In the records below, find the line with "Funny Maru Funny Maru" and the line with "Rufous-bellied Eagle - Saravanan Janakarajan"; return exactly those lines and every line between them.
==================================================
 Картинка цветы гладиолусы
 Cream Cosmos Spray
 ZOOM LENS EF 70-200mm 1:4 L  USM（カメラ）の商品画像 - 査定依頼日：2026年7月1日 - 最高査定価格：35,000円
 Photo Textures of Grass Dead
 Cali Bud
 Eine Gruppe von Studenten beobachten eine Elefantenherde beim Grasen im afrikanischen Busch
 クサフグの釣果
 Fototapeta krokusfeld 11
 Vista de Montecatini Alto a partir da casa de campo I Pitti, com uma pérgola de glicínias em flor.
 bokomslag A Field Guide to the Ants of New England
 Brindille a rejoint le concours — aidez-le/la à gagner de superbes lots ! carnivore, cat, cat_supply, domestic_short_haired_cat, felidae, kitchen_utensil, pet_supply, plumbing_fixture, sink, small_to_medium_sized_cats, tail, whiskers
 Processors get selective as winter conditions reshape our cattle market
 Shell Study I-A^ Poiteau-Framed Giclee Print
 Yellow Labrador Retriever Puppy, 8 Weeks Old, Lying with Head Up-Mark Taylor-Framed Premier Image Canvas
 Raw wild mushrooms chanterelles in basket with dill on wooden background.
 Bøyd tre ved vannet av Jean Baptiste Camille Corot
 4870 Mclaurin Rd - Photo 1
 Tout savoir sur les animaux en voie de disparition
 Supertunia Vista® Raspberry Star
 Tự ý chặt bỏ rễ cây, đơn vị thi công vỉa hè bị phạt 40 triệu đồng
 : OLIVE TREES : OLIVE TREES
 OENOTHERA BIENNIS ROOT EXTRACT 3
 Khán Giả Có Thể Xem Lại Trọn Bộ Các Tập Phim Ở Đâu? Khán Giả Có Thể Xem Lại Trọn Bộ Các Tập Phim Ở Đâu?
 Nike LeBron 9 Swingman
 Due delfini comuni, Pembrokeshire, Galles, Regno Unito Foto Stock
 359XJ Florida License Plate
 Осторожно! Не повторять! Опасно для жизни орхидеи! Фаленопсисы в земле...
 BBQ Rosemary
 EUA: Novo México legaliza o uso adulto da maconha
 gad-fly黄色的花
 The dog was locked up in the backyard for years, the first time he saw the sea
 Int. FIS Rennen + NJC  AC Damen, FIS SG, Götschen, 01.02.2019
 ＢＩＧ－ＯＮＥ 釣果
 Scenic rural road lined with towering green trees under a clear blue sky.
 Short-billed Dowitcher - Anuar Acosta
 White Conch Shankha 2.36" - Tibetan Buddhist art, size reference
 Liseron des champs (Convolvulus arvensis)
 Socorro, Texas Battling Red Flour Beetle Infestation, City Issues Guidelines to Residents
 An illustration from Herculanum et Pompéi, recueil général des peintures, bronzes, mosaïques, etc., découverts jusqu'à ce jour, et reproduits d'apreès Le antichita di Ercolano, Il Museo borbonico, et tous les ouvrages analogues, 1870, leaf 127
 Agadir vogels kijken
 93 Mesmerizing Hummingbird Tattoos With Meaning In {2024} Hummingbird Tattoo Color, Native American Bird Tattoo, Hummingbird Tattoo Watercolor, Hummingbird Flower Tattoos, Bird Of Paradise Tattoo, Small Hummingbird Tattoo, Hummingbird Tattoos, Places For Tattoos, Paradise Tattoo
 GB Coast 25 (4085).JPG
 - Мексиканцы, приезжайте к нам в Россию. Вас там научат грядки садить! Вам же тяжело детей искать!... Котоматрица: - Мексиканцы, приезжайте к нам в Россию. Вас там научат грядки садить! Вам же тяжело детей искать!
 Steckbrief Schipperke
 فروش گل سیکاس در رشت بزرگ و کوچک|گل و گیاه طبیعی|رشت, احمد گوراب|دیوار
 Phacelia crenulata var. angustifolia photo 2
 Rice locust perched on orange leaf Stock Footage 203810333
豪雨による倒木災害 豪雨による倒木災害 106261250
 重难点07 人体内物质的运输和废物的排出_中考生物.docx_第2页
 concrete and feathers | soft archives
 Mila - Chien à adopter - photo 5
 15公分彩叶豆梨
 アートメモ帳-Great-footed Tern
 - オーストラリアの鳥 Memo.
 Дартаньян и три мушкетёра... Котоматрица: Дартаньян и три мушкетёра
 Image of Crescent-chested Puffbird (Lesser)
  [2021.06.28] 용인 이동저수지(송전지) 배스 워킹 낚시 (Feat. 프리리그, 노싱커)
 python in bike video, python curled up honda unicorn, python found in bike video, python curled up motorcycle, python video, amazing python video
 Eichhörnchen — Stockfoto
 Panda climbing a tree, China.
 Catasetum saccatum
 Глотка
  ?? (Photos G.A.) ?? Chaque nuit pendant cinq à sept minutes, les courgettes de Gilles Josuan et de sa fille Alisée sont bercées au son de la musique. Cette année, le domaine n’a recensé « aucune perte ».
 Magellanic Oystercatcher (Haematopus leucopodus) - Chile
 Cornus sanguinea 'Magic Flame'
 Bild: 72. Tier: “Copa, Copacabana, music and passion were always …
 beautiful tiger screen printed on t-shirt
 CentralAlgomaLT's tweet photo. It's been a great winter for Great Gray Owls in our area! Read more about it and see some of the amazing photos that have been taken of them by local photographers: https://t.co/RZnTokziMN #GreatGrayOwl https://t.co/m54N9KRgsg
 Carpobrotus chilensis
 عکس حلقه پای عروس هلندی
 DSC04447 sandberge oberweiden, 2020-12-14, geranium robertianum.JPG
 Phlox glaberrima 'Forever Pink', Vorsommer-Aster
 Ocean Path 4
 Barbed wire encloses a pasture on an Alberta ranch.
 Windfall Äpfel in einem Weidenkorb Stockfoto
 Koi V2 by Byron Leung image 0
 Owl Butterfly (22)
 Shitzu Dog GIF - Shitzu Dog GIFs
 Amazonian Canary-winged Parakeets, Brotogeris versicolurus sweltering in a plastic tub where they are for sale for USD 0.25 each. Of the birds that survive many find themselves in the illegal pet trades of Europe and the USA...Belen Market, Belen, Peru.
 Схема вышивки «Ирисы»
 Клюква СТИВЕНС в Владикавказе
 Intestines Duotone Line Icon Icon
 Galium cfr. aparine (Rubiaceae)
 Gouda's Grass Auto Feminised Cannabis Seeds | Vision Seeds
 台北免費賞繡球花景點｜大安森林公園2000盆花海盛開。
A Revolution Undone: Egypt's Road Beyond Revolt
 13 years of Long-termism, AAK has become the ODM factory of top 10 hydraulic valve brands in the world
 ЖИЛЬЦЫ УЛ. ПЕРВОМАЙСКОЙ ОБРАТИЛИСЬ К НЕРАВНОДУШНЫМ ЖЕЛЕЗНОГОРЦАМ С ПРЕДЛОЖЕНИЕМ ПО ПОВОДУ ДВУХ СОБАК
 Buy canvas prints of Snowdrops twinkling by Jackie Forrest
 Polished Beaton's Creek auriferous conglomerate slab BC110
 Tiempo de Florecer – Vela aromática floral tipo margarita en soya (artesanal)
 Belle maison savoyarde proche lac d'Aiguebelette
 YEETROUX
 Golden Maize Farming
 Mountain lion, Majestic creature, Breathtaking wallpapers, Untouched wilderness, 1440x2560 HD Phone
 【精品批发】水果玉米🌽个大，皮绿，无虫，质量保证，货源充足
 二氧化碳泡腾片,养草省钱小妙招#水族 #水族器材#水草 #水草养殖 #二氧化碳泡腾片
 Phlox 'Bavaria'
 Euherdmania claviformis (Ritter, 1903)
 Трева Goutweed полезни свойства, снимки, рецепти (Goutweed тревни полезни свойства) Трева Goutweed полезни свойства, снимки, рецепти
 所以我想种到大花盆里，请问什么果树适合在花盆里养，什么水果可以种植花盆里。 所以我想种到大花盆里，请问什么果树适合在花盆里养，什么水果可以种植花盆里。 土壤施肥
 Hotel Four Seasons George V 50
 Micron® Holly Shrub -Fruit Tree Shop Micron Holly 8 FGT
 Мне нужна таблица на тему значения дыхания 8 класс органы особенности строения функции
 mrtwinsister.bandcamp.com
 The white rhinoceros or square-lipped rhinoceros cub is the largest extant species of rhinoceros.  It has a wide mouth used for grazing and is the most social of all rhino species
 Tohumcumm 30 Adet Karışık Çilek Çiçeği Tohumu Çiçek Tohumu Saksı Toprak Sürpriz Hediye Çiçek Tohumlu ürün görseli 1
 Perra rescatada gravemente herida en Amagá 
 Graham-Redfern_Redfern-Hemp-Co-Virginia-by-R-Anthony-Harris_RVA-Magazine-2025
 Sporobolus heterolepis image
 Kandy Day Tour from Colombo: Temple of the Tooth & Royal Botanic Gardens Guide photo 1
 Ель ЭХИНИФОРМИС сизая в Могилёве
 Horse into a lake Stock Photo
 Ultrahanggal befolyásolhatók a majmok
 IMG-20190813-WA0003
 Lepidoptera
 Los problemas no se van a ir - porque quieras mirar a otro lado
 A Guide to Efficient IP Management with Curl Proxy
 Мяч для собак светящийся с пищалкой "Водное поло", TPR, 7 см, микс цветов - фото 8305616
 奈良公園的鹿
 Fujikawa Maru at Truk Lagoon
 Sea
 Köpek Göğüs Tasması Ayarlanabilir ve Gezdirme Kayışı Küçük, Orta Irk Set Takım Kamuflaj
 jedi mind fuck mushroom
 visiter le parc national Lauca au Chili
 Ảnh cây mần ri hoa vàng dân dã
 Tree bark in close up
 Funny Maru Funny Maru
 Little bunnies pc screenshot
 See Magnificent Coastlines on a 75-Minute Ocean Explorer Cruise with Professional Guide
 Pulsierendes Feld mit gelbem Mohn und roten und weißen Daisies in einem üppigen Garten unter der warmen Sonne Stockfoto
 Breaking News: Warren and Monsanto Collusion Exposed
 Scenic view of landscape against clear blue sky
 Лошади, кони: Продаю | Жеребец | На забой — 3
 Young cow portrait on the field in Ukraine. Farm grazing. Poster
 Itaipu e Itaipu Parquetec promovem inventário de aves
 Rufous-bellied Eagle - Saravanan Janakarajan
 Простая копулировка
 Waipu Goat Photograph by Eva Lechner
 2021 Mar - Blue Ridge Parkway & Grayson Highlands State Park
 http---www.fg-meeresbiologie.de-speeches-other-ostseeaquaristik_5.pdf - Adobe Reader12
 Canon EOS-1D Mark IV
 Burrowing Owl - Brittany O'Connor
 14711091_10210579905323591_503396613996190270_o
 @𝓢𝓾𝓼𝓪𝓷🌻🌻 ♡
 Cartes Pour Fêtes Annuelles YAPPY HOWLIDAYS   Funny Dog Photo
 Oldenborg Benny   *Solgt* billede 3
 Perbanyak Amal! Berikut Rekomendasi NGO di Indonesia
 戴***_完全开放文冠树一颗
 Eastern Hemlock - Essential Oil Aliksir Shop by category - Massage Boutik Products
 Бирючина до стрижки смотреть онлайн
==================================================
**Task solution**
 Funny Maru Funny Maru
 Little bunnies pc screenshot
 See Magnificent Coastlines on a 75-Minute Ocean Explorer Cruise with Professional Guide
 Pulsierendes Feld mit gelbem Mohn und roten und weißen Daisies in einem üppigen Garten unter der warmen Sonne Stockfoto
 Breaking News: Warren and Monsanto Collusion Exposed
 Scenic view of landscape against clear blue sky
 Лошади, кони: Продаю | Жеребец | На забой — 3
 Young cow portrait on the field in Ukraine. Farm grazing. Poster
 Itaipu e Itaipu Parquetec promovem inventário de aves
 Rufous-bellied Eagle - Saravanan Janakarajan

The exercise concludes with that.